Rowan Williams commends the works of Philip Pullman
The Archbishop of Canterbury has commended the novels of Philip Pullman to a gathering invited to Downing Street by the Prime Minister. Dr Rowan Williams reportedly said that, while it would not be right for atheism to be incorporated into religious education, as a pro-Labour think tank advocates, Pullman’s His Dark Materials ought to be taught. The Pullman trilogy has recently achieved new popularity on stage, but it has also offended Christians by its caricature of the Church.
The Archbishop says that “teaching about religion [should] include teaching about its critics”. This is in the best Anglican tradition of toleration. Yet Pullman’s quarrel is less with the Church of England than with the authority, celibacy and rituals of Catholicism. For Catholic readers, Pullman seems motivated as much by old-style No Popery as by the atheism he professes.

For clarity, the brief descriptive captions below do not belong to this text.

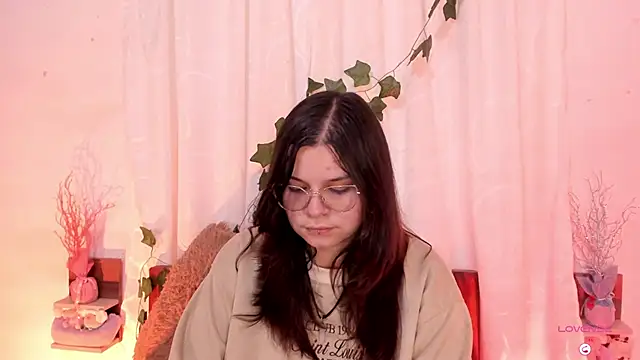 Mey moon online show from February 2025 09:12:01 PM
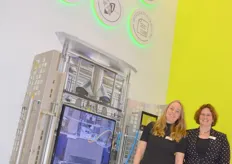 Denise Baths und Natasja Boekel zeigen ein Prototype der vertikalen Verschließmaschine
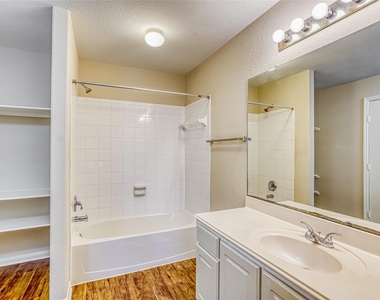 9410 Stoneridge Canyon Lane - Photo Thumbnail 5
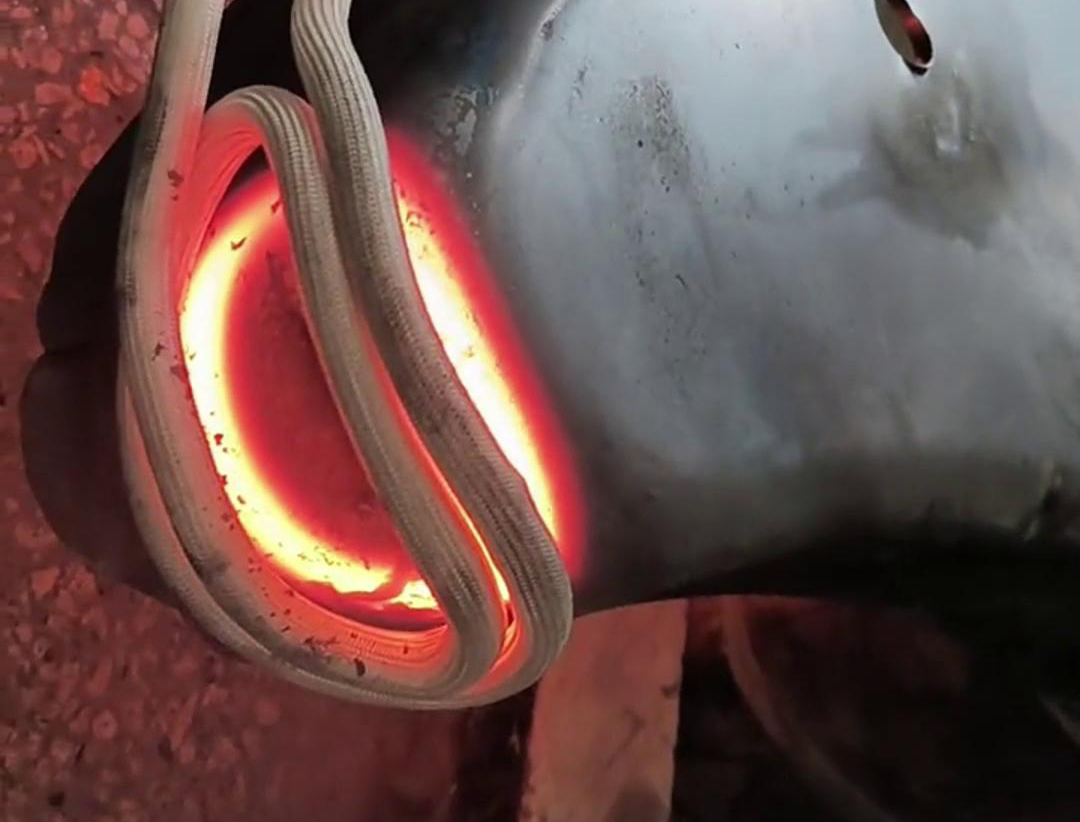 高頻退火設(shè)備助力汽車(chē)不銹鋼配件性能提升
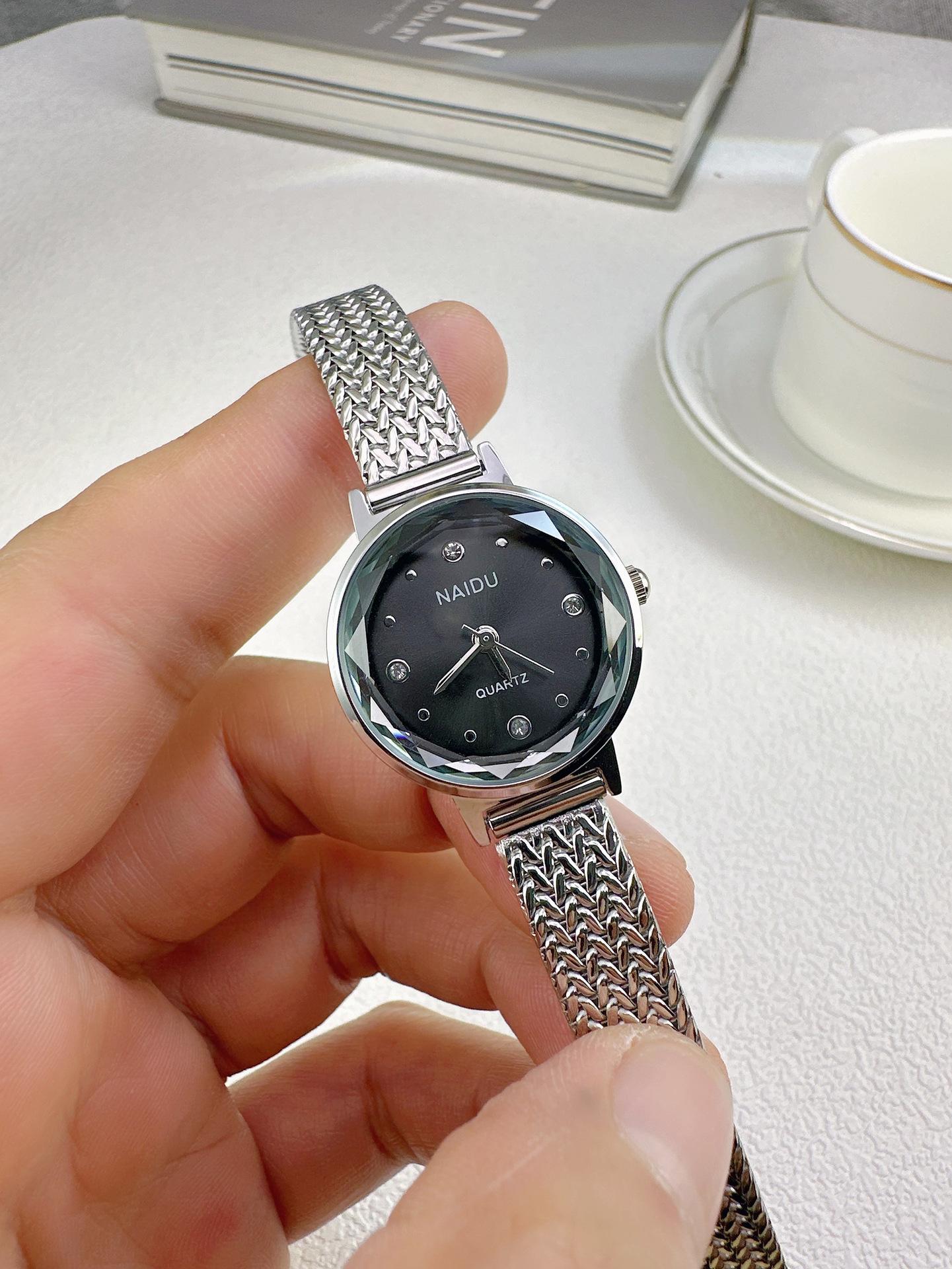 Fashion Golden Quartz Watch Women Small Dial Luxury Lady Wristwatch Clock Fashion Dress Gifts Dropshipping Relógio Feminino
Fashion Golden Quartz Watch Women Small Dial Luxury Lady Wristwatch Clock Fashion Dress Gifts Dropshipping Relógio Feminino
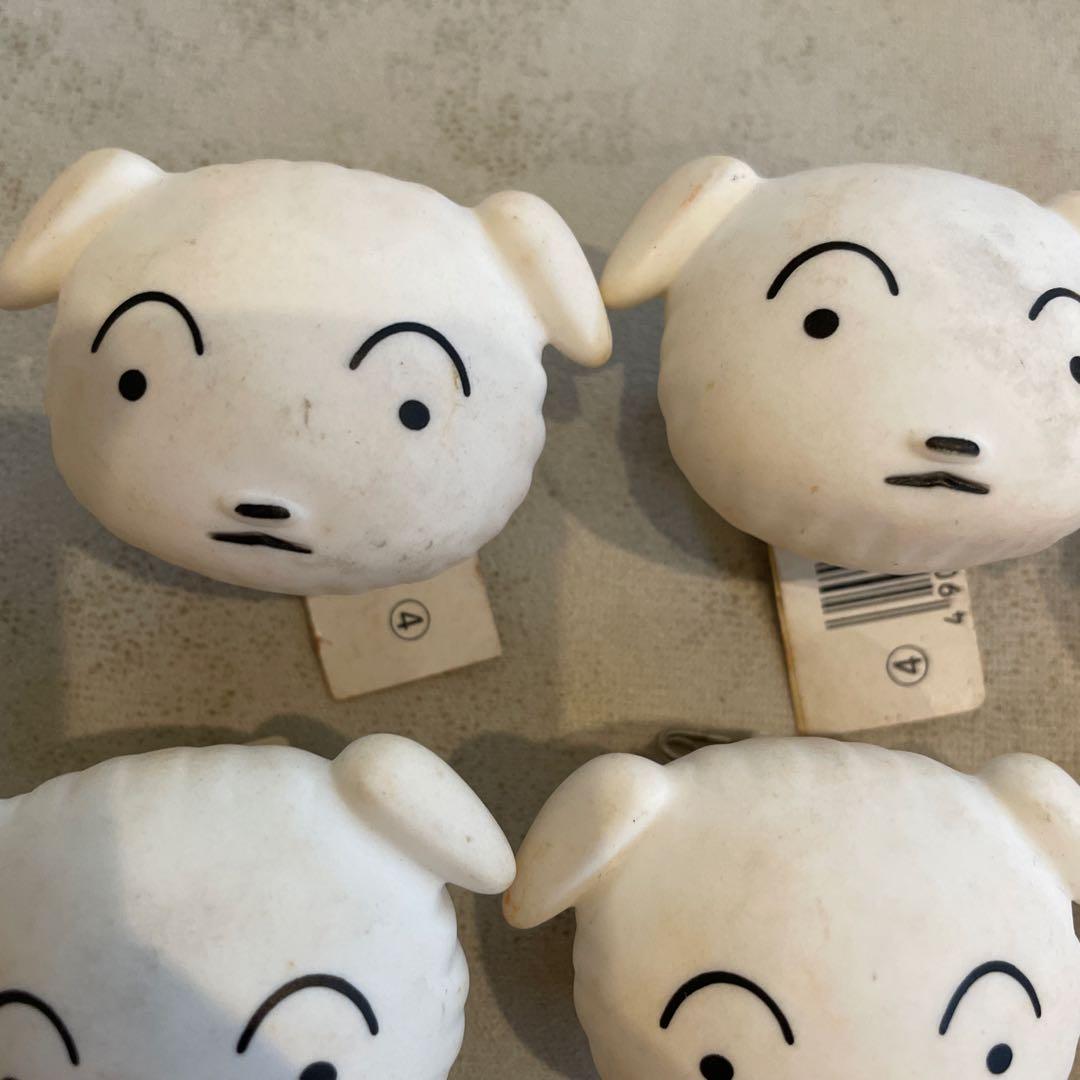 レア品　クレヨンしんちゃん　野原シロ　フィギュア　ピンバッジ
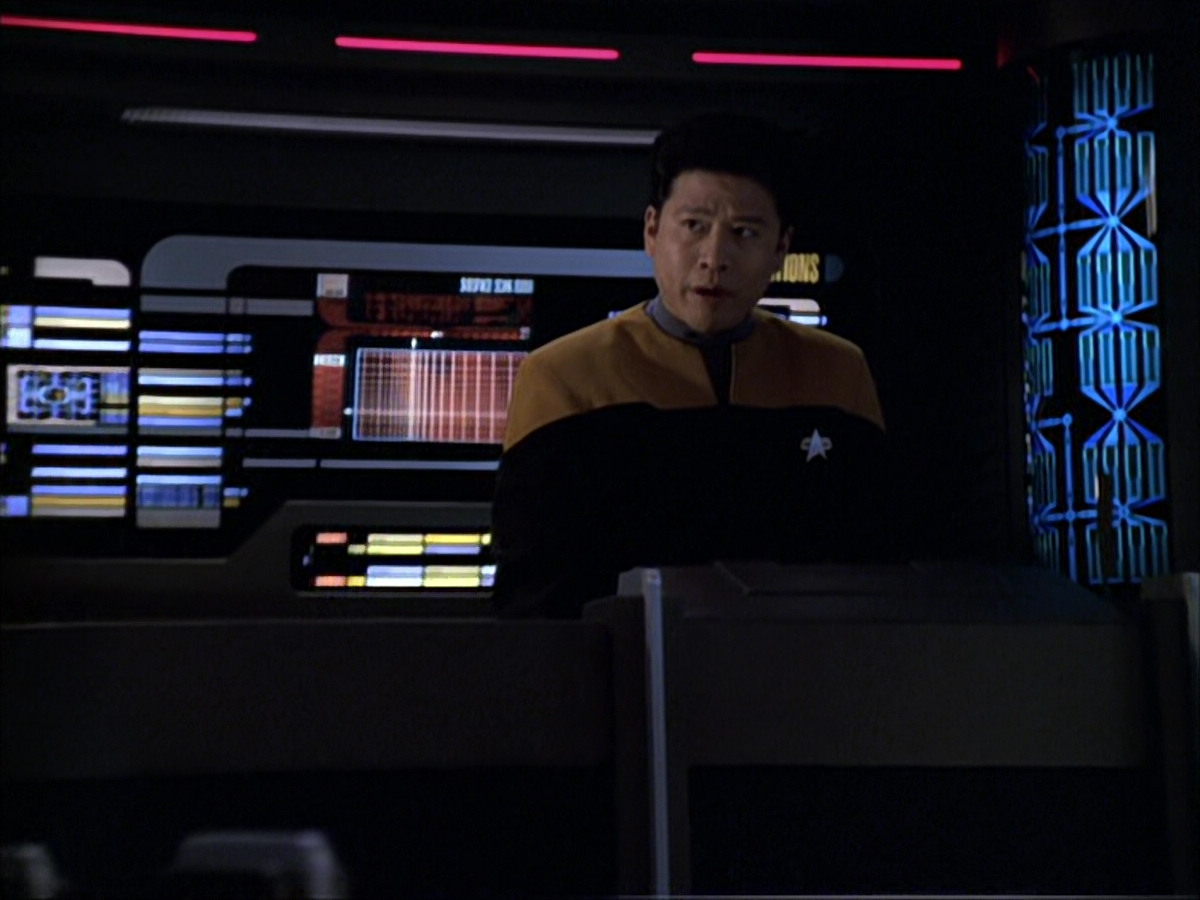 extant_StarTrek_VOY_6x05-Alice_02735.jpg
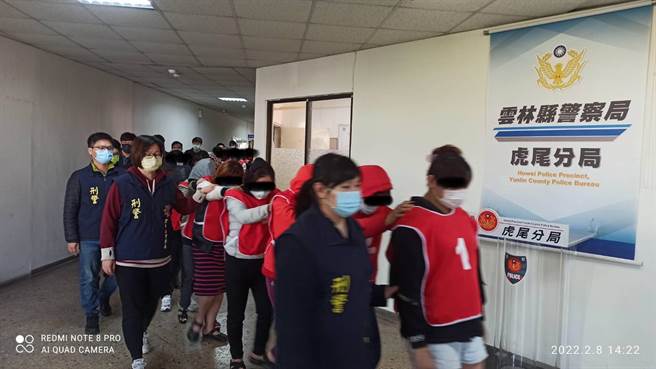 许姓负责人等5人依违反刑法第268条赌博罪移送云林地检署侦办，犯罪所生、所得108万余元依法没入；赌客黎女等21人则依社维法各裁罚新臺币6000元。（虎尾分局提供）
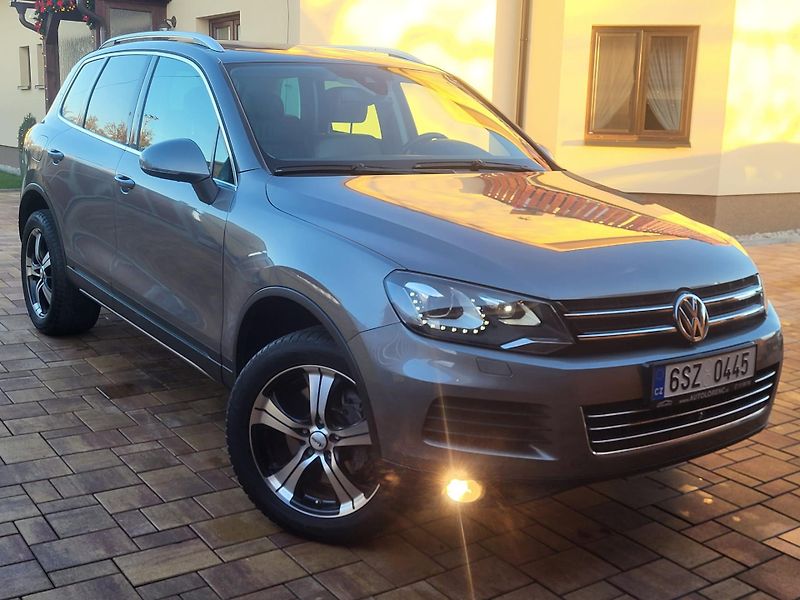 Volkswagen Touareg 4.2V8 TDi 250kW*1.MAJITEL* - fotka 6 z 40
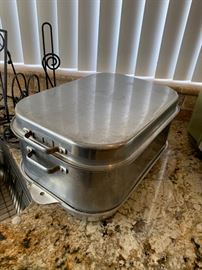 Wear-Ever Aluminum Roaster
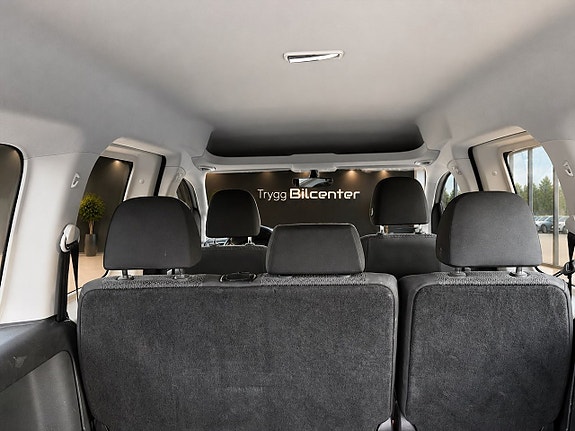 Volkswagen Caddy Maxi 18 of 23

Well, this is not the half of it. The article (which is an opinion piece) is not supportive of Williams’ suggestion, but nonetheless doesn’t quite get the point of Pullman. He’s absolutely, totally anti-theistic. God – old, whithered, useless, and an obstacle to real human joy and freedom, dies in the third volume of the trilogy, and good riddance, too.
So it goes a bit deeper than anti-Popery.